If I know that $\varphi: \mathbb{Z}^2 \to S_{15}$ is the homomorphism defined as follows: \begin{align} \varphi(1,0)&=(2,7,3)(3,11,5)(12,13)\\ \varphi(0,1)&=(14,15)(1,4,6,8,9,10) \end{align} I was asked to calculate how many elements $\mathbb{Z}^2/\!\ker\varphi$ has.

Is it true to say that from the first homomorphism theorem we get $\mathbb{Z}^2/\!\ker\varphi \cong S_{15}$. So from $|S_{15}|=15!$ we can understand that $\mathbb{Z}^2/\!\ker\varphi$ has $15!$ elements. For some reason, it is written in the textbook that is has only $60$ elements. Why is that?

Answer 1

To apply the homomorphism theorem the map should be an epimorphism.

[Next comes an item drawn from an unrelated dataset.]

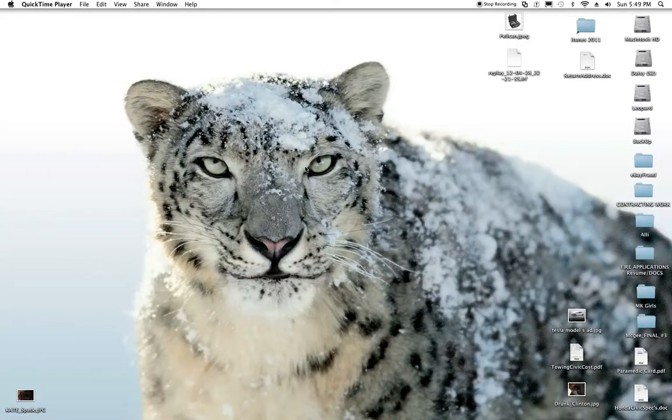Alright guys, Johnny Dallas back on the helm here. Going to teach you how to do dual monitors with Mac OS X today, because all the tutorials that are out there suck. Here we go.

In the other hand to count how many elements in the image are, you just got to see is the orders of $\varphi(1,0)=(2,7,3,11,5)(12,13)$ and $\varphi(0,1)$ which happen to be ten and six respectively. Then $|{\rm im}\varphi|$ is $60$.

Update:

The next calculations might help you to understand \begin{eqnarray*} \varphi(2,0)&=&((2,7,3,11,5)(12,13))^2,\\ &=&(2,3,5,7,11).\\ &&\\ \varphi(3,0)&=&((2,7,3,11,5)(12,13))^3,\\ &=&(2,11,7,5,3)(12,13).\\ &&\\ \varphi(4,0)&=&(2,5,11,3,7).\\ &&\\ \varphi(5,0)&=&(12,13).\\ &&\\ &...&\\ &&\\ \varphi(10,0)&=&e. \end{eqnarray*}

Answer 2

Set, for simplicity, $\sigma=\varphi(1,0)$ and $\tau=\varphi(0,1)$. Then $$ \sigma=(2,7,3,11,5)(12,13) $$ and so $\sigma$ and $\tau$ are disjoint, so $\sigma\tau=\tau\sigma$ and the homomorphism is indeed well defined.

The image of $\varphi$ is an abelian subgroup of $S_{15}$, so it certainly isn't the whole $S_{15}$.

Set, for simplicity, $\sigma=\varphi(1,0)$ and $\tau=\varphi(0,1)$. Then $$ \varphi(m,n)=\sigma^m\tau^n $$ and so the image of $\varphi$ is the subgroup generated by $\sigma$ and $\tau$. Now you should be able to finish, using the fact that there is an obvious surjective homomorphism $$ \langle\sigma\rangle\times\langle\tau\rangle\to \langle\sigma\rangle\langle\tau\rangle=\operatorname{im}\varphi $$ What's the kernel of this homomorphism?